Water heaters are significant investments for homeowners and contractors. As such, they need to weigh initial cost, efficiency, and longevity of the system. The two main types of water heaters are the conventional storage tanks and the demand-type or tankless water heaters.
Here’s how water heaters work:
Traditional water heaters are composed of an insulated tank that stores water and gas burners or electric heating elements. Cold water enters the tank from the bottom and hot water is stratified to the top to be drawn when needed. They require a period of time to store hot water and could easily run out. This type of water heater also involves substantial standby heat loss. Heat is lost through tank walls despite adequate wall insulation.
Tankless Water Heater
Tankless water heaters do not go through or require a storage tank. Instead, this type of heater works by heating water directly. Turning on the hot water tap signals cold water to flow through a pipe. A gas burner or electric heating element then heats the water before it exits the pipe for use. Essentially, tankless heaters provide hot water only whenever necessary without producing any standby energy and heat losses.
This type of water heater can deliver a constant stream of hot water so a household or building does not run out. However, flow amount may be limited. It can be problematic to fulfill demand amount for hot water for simultaneous and multiple uses. This can be remedied with more tankless water heaters or separate heaters for each appliance.
Here are the advantages of tankless water heaters:
For homes that use less than 41 gallons of hot water every day, demand water heaters are almost a third more energy efficient than traditional storage tanks. This is largely because energy is only used when necessary. Greater energy savings can be achieved with water heaters qualified with the Department of Energy and Environmental Protection Energy’s Energy Star rating.

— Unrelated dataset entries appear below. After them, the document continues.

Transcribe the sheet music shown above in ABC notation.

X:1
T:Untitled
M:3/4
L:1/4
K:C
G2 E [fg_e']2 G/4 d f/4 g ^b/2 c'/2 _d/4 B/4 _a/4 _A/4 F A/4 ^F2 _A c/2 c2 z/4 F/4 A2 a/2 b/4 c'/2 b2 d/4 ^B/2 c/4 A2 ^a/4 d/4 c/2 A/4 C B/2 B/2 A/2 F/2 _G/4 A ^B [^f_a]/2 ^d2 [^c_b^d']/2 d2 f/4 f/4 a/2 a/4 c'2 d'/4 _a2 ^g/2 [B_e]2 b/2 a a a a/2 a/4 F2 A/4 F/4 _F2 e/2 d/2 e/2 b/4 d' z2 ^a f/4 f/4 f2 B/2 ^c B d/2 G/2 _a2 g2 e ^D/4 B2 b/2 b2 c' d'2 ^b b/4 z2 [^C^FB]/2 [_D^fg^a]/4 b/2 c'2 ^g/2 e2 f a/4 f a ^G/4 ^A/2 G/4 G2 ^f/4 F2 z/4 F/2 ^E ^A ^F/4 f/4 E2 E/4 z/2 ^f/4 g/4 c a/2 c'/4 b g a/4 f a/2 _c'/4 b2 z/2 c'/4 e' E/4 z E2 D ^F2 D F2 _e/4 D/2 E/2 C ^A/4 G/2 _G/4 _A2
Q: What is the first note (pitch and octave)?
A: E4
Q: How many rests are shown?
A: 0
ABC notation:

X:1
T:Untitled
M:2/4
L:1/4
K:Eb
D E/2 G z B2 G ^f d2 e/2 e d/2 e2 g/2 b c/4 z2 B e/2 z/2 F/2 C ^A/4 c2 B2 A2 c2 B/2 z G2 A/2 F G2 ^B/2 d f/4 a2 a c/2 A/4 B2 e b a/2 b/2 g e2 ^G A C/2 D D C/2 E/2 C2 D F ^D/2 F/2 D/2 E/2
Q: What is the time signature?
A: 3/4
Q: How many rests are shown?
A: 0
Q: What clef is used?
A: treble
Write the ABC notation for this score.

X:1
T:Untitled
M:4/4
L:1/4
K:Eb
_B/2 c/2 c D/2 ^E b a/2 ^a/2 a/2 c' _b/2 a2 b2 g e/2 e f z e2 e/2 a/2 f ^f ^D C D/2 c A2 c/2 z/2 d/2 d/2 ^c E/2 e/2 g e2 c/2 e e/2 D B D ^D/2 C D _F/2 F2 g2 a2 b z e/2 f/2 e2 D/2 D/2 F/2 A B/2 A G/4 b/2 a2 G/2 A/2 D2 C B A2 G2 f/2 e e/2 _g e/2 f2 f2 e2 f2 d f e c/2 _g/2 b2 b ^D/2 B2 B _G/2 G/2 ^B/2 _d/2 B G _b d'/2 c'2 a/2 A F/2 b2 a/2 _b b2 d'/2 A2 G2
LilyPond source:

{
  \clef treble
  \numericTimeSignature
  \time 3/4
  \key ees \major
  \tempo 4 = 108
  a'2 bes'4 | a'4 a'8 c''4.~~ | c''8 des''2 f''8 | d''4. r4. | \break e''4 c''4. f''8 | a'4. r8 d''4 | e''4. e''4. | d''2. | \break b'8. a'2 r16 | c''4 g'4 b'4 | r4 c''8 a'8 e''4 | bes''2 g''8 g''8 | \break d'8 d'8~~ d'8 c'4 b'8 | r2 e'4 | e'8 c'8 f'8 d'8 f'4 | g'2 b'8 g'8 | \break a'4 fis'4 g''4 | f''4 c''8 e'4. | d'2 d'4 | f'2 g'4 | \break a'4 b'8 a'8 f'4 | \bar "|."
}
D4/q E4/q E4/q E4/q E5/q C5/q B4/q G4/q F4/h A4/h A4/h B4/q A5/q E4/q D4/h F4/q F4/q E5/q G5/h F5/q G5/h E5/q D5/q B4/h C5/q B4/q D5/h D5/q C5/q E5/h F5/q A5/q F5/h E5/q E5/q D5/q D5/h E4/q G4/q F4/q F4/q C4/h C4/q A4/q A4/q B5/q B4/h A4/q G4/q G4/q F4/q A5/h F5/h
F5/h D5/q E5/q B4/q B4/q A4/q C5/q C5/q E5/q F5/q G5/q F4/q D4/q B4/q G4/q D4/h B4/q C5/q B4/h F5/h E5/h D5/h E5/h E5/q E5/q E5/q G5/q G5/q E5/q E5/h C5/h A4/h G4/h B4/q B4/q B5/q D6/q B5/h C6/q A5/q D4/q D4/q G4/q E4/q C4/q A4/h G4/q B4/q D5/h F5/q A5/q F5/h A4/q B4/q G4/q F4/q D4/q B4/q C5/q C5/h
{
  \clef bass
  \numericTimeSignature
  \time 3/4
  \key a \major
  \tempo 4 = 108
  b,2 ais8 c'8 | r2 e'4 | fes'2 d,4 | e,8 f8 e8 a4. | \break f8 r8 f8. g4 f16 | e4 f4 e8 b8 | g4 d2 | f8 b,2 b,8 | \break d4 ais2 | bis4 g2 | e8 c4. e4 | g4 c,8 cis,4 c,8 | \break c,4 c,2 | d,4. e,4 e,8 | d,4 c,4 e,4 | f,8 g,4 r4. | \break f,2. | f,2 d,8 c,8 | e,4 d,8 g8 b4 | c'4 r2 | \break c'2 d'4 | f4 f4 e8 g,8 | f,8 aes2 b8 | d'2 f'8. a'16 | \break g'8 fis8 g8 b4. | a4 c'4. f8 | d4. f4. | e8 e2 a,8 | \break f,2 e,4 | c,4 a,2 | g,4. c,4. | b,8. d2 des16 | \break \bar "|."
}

Cost and Investment Return
Tankless water heaters have a higher initial cost than conventional storage ones. However, they are also more durable and are expected to last longer than storage tanks. Current estimates have tankless systems expected to last for at least 20 years. Their life can be extended even further by replacing parts. On the other hand, storage heaters have higher operating and energy costs and last only about 10-15 years.
Standby Heat Losses
Storage water heaters are associated with standby heat losses because of heat escaping out of the tank. However, this is not a problem tankless water heaters face because hot water is not generated unless necessary. Additional energy is not expended to constantly heat water.
Installation and Maintenance
Energy efficiency can be maximized with proper installation and maintenance. This will depend on factors like fuel type, climate, relevant regulations and requirements, and safety concerns. A water heater’s life can be significantly extended with periodic maintenance.
Homeowners and contractors can easily offset their high initial investment on tankless water heaters because these tanks are more energy-efficient and long-lasting than traditional storage tanks.